Authors

J. Hashimoto(1), M. Tamura(1), T. Muto(2), T. Kudo(1), M. Fukagawa(3), T. Fukue(1), C. Grady(4), T. Henning(5), K. Hodapp(6), M. Honda(7), S. Inutsuka(8), E. Kokubo(1), G. Knapp(9), M. W. McElwain(9), M. Momose(10), N. Ohashi(11), Y. K. Okamoto(10), M. Takami(11), E. L. Turner(9,12), J. Wisniewski(13), M. Janson(14), and HiCIAO/AO188/SEEDS members

Affiliations

(1)National Astronomical Observatory of Japan, 2-21-1 Osawa, Mitaka, Tokyo 181-8588, Japan (2)Tokyo Institute of Technology, 2-12-1 Ookayama, Meguro, Tokyo 152-8551, Japan (3)Osaka University, 1-1, Machikaneyama, Toyonaka, Osaka, 560-0043, Japan (4)Eureka Scientific and Goddard Space Flight Center, Greenbelt, USA (5)Max Planck Institute for Astronomy, Heidelberg, Germany (6)University of Hawaii,640 North A’ohoku Place, Hilo, HI 96720, USA (7)Kanagawa University, 2946 Tsuchiya, Hiratsuka, Kanagawa 259-1293, Japan (8) Nagoya University, Furo-cho, Chikusa-ku, Nagoya, Aichi 464-8602, Japan (9)Department of Astrophysical Sciences, Princeton University, NJ 08544, USA (10)Ibaraki University, 2-1-1 Bunkyo, Mito, Ibaraki, 310-8512, Japan (11)Institute of Astronomy and Astrophysics, Academia Sinica, P.O. Box 23-141, Taipei 10617, Taiwan (12)Institute for the Physics and Mathematics of the Universe, The University of Tokyo, Kashiwa 227-8568, Japan (13)University of Washington, Seattle, Washington, USA (14)University of Toronto, Toronto, Canada

Abstract

We present the results of the high-resolution near-infrared dual-beam polarimetry of the circumstellar disk around AB Aur (2.4 Mo) using a new high contrast instrument HiCIAO mounted on the Subaru 8.2 m telescope.

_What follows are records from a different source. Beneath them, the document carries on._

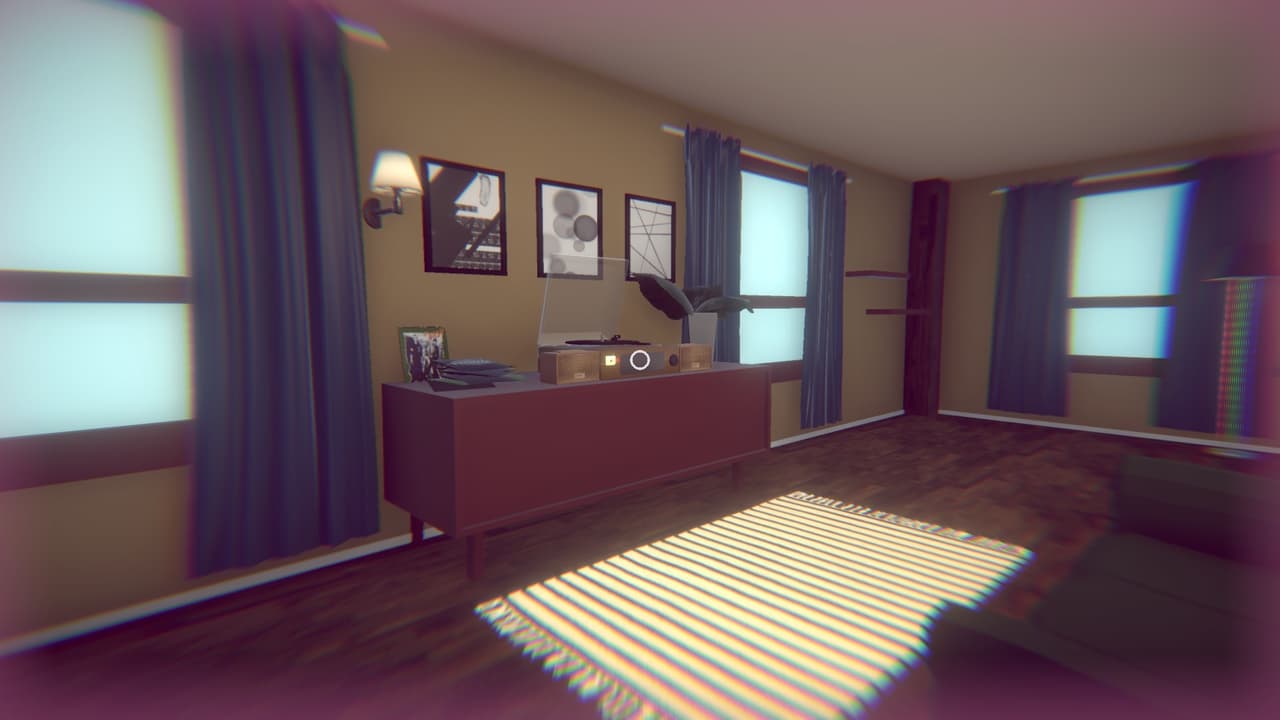 Memento (itch) (MementoGame) screenshot 3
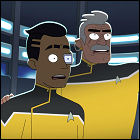 Star Trek: Lower Decks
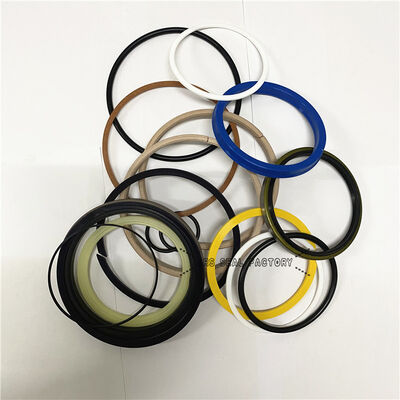 14589144 11700187 kit de joint d'excavatrice de cylindre hydraulique de seau de boom de 11709898 bras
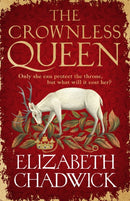 The Crownless Queen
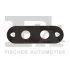 FA1 Ущільнювальне кільце, штуцер для подачі води (компресор) Fischer Automotive One (FA1) 412-557 (фото 1)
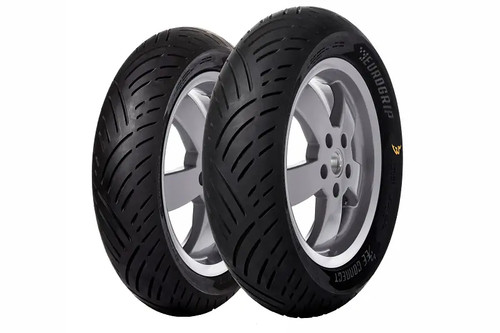 Gomme moto eurogrip 110 16 - eurogrip, 110/70-16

As a result of stellar evolution, it is widely known that planets are formed in circumstellar disks around young stars. Thus, investigating the detailed structures of circumstellar disks and their evolutions are of great importance in understanding the nature of planet formation mechanisms. However, since the speckle noise is dominant in the inner disk regions (r <1 arcsec) around bright central young star, the observations at the planet forming radius (r <100 AU) are quite challenging so far. The dual-beam polarimetry enable us to suppress the speckle noise and to approach the inner disk regions tens AU in nearby star forming regions.

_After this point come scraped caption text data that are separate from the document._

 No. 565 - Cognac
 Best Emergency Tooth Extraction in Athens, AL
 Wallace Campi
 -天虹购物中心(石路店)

Thanks to the better polarimetry performance of both the inner working angle (22 AU) and the resolution (9 AU) at the distance of AB Aur, we detect the rich structure including a bumpy double ring and a ring-like gap at the possible giant-planet location. Our results suggest giant-planet formation in the disk and provides essential information for understanding disk instability and planet formation models.